Leave the pictures out, and repeat exactly each line from the one that holds "Mango Mousse (piece cake gift set)" through the final line of the entries below.

Dataset entries:
┄┄┄┄┄┄┄┄┄┄┄┄┄┄┄┄┄┄┄┄
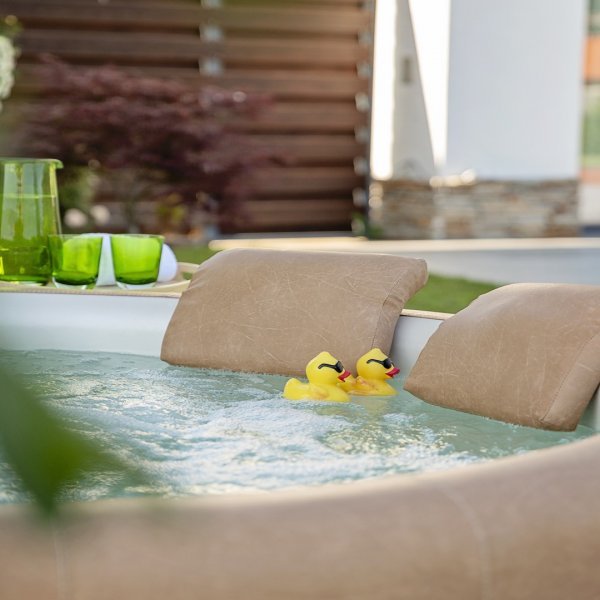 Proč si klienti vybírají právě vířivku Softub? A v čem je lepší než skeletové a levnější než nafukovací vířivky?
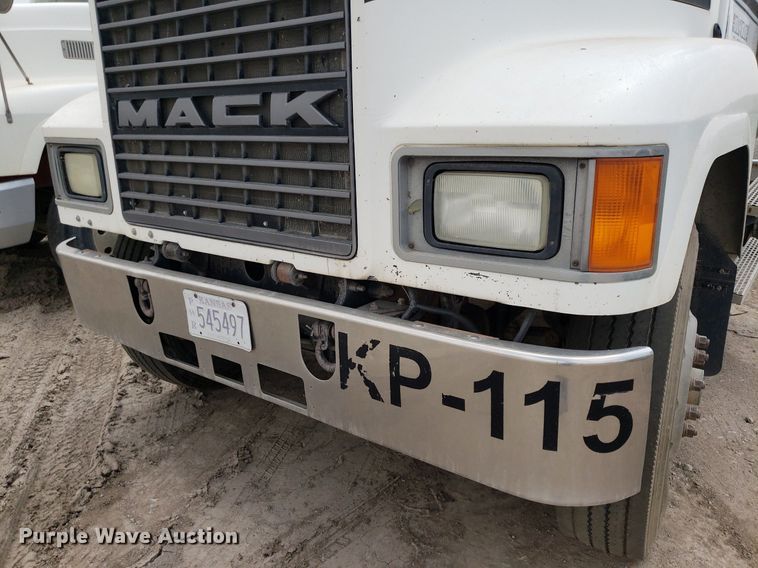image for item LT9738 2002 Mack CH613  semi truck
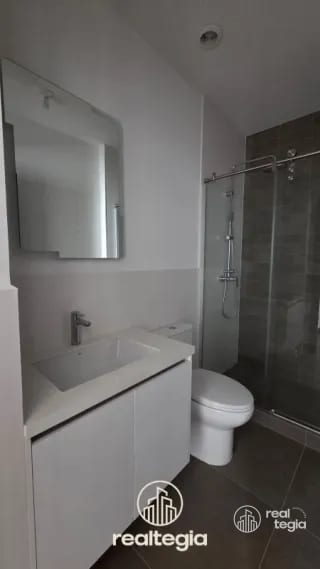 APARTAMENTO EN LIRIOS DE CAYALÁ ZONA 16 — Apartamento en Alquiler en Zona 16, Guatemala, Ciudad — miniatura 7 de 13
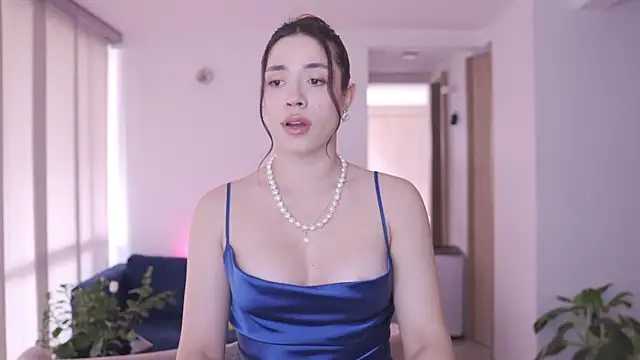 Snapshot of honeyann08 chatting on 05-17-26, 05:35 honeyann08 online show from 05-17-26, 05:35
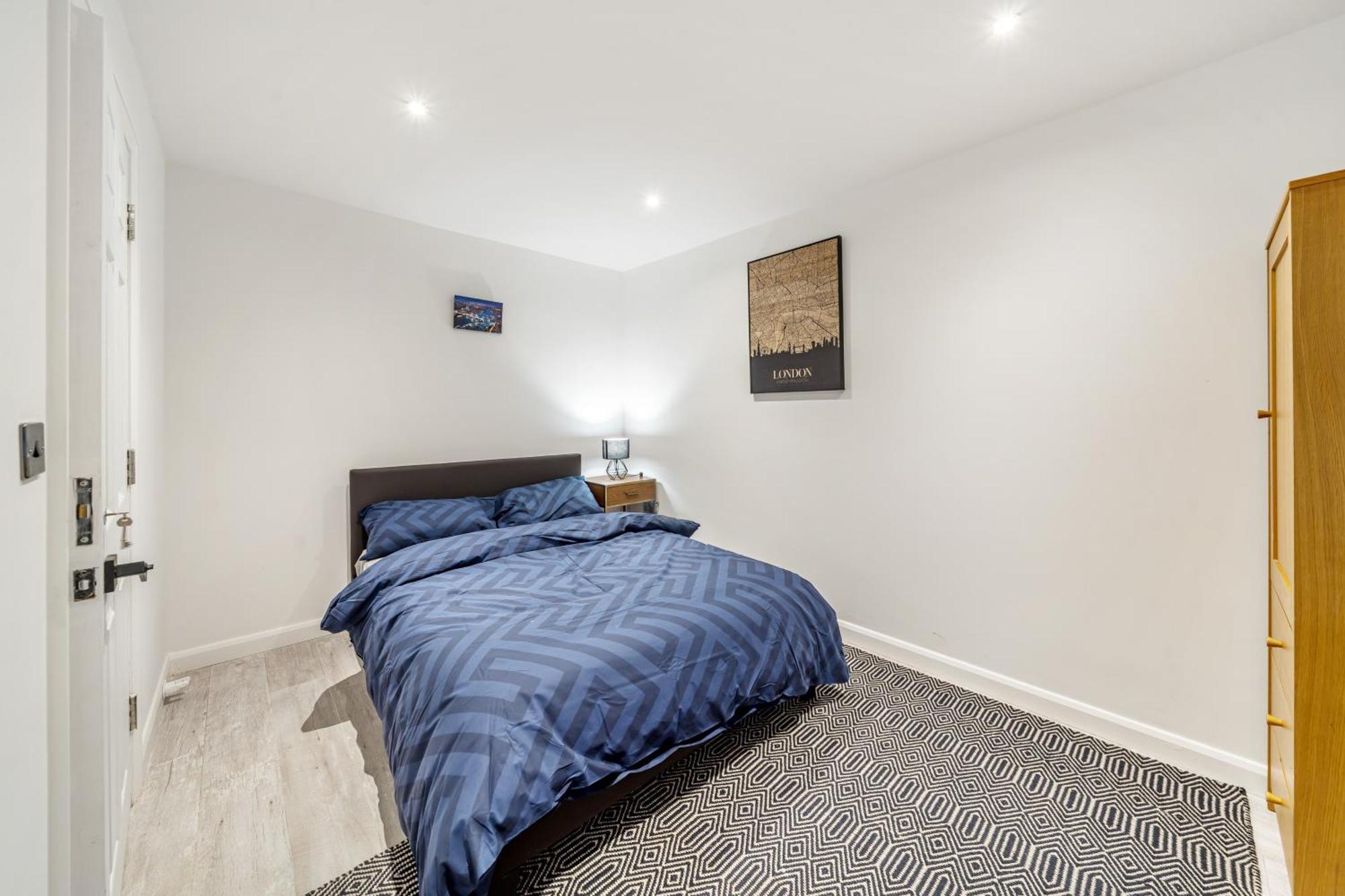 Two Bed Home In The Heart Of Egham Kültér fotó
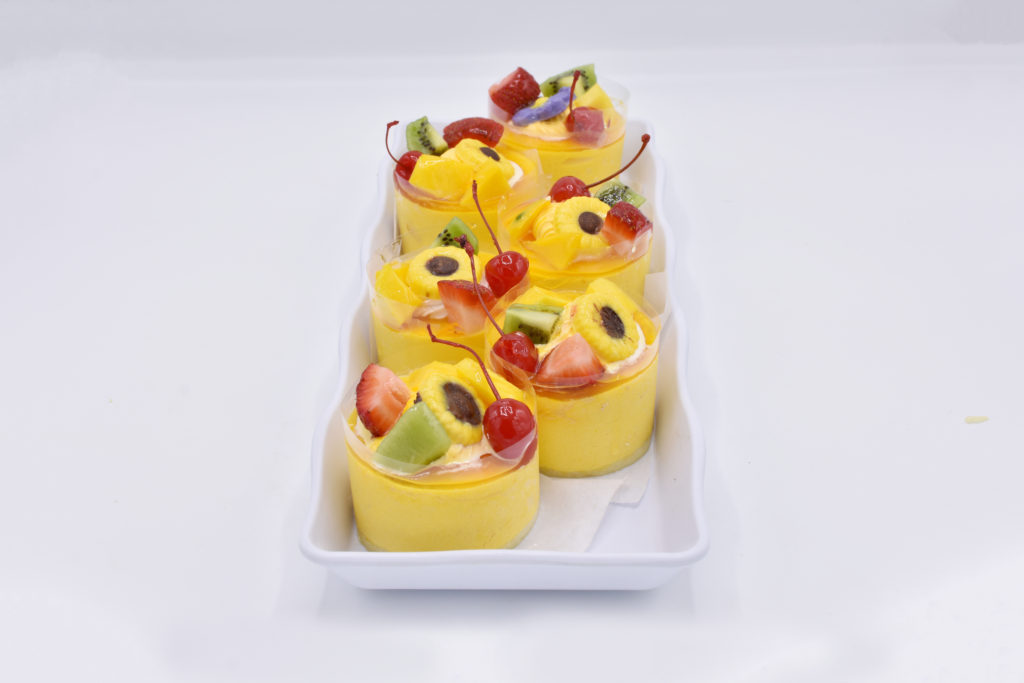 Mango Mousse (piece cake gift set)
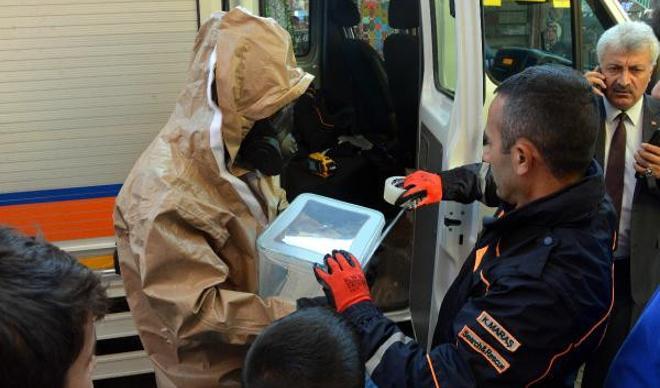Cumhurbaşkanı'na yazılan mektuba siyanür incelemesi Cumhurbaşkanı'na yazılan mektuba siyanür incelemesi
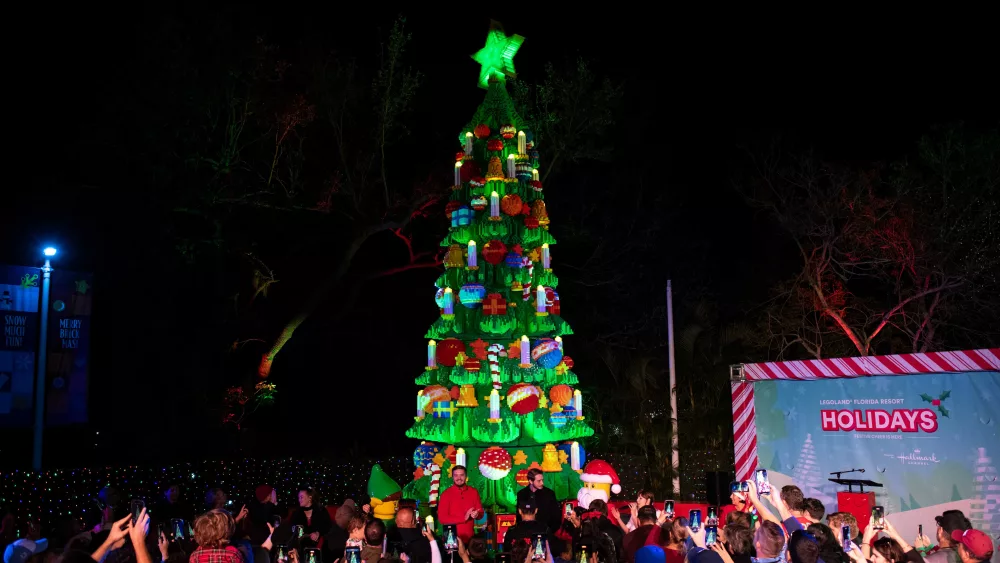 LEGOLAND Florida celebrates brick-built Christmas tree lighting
┄┄┄┄┄┄┄┄┄┄┄┄┄┄┄┄┄┄┄┄
Finished task:
 Mango Mousse (piece cake gift set)
Cumhurbaşkanı'na yazılan mektuba siyanür incelemesi Cumhurbaşkanı'na yazılan mektuba siyanür incelemesi
 LEGOLAND Florida celebrates brick-built Christmas tree lighting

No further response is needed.